Conduct disorder (CD) is characterized by severe antisocial behavior that emerges in childhood (early-onset CD [EO-CD]) or adolescence (adolescence-onset CD [AO-CD]). Early-onset CD is proposed to have a neurodevelopmental basis, whereas AO-CD is thought to emerge owing to social mimicry of deviant peers. However, this developmental taxonomic theory is debated after reports of neuropsychological impairments in both CD subtypes. A critical, although unaddressed, issue is whether these subtypes present similar or distinct neurophysiological profiles. Hence, we investigated neurophysiological responses to emotional and neutral faces in regions associated with antisocial behavior (ie, the amygdala, ventromedial prefrontal cortex, insula, and orbitofrontal cortex) in individuals with EO-CD and AO-CD and in healthy control subjects.

Objective

To investigate whether EO-CD and AO-CD subjects show neurophysiological abnormalities.

Design

Case-control study.

Setting

Government research institute, university department.

Participants

Seventy-five male adolescents and young adults aged 16 to 21 years, including 27 with EO-CD, 25 with AO-CD, and 23 healthy controls.

Main Outcome Measure

Neural activations measured by functional magnetic resonance imaging while participants viewed angry, sad, and neutral faces.

Results

Comparing angry vs neutral faces, participants with both CD subtypes displayed reduced responses in regions associated with antisocial behavior compared with controls; differences between the CD subtypes were not significant.
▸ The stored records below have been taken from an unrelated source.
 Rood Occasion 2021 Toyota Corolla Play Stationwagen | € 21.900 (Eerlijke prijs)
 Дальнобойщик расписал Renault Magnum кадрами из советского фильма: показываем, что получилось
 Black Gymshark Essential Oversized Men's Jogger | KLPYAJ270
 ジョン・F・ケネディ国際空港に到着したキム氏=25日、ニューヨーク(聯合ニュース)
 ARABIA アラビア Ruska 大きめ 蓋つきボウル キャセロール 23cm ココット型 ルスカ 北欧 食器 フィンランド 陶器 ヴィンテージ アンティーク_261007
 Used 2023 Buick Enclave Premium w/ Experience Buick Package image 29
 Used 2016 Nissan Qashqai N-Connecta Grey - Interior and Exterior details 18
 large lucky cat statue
Comparing each expression with fixation baseline revealed an abnormal (increased) amygdala response to neutral but not angry faces in both groups of CD relative to controls. For sad vs neutral faces, reduced amygdala activation was observed in EO-CD relative to AO-CD and control participants. Comparing each expression with fixation revealed hypoactive amygdala responses to sadness in individuals with EO-CD relative to AO-CD participants and controls. These findings were not accounted for by attention-deficit/hyperactivity disorder symptoms.

Conclusions

Neurophysiological abnormalities are observed in both CD subtypes, contrary to the developmental taxonomic theory of CD. Additional amygdala hypofunction in relation to sad expressions might indicate why EO-CD is more severe and persistent than AO-CD.